Shape Up Method

What is the Shape Up Method?

The Shape Up Method describes the specific processes used by product development teams to shape, bet, and build meaningful products. It gives teams language and specific techniques to address the risks and unknowns at each stage of product development with the ultimate goal of shipping a great product on time.

What’s the History of the Shape Up Method?

The Shape Up Method is based on Basecamp’s own internal product development approach. It was externally introduced in the book Shape Up: Stop Running in Circles and Ship Work that Matters by Ryan Singer, Head of Product Strategy at Basecamp.

According to Singer, “[o]ne of the core tensions in product management is the urgency of day-to-day implementation details vs. the necessity of strategic planning. Left unresolved, this tension leads to a slew of practical problems (missed deadlines, tangled codebases) and low morale.”

It was Basecamp’s own growing pains that led the company to look for a way to address a new set of challenges (e.g., massive projects without clear boundaries and firm deadlines; long-term strategic considerations eclipsed by day-to-day product management issues; and the ability to ship meaningful products on time).

Over time, Basecamp created what would eventually be known as the Shape Up Method. The method aims to better define and prioritize projects before handing off to teams to build and ship.

Why Use this Approach?

The Shape Up Method helps product teams think more deeply about the right problems much earlier in the development process and start shipping meaningful products on time.

Product leaders shape – or define – a project concretely enough so that the team gets moving in the right direction. However, they need to work abstractly enough so that the team maintains its autonomy to develop its own solutions. Shape Up’s six-week work cycle gives teams sufficient time to build a product start to finish.
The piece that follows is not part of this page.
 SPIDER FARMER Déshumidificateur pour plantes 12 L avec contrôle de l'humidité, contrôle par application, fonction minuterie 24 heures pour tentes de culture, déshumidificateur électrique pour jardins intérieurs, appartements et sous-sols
Since the option of bumping out a deadline isn’t part of the Shape Up approach, the team must work efficiently within the given timeframe.

Key Concepts

Here are some of the key concepts of the Shape Up Method:

  • Six-week work cycle. Provides a reasonable timeframe for building something meaningful and a firm deadline that encourages the team to use time efficiently and intentionally.
  • Work shaping. A small senior group explores and defines a project before handing off to the team to build. Shaping projects, or pre-work, endeavors to strike a balance between being concrete enough to provide direction, yet abstract enough to give teams room to build. The shaping process helps solve open questions before releasing it to a project team.
  • Teams bear responsibility. Teams have greater autonomy to define tasks, make adjustments to scope, and get down to the business of doing their best work. This also means that managers can focus on shaping better projects rather than micromanaging teams.
  • Reducing risk. At its core, the Shape Up Method seeks to reduce the risk of not shipping on time.
  • Betting. The process of choosing a project for a six-week cycle, thus prioritizing a project for development. 41% of product managers are averaging 3 / 5 on the scale of how happy they are with their process for planning and prioritizing initiatives.

How to Implement

The Shape Up Method requires product leaders to effectively communicate direction, outcomes, and intent. That way, teams are free to solve, build, and ship.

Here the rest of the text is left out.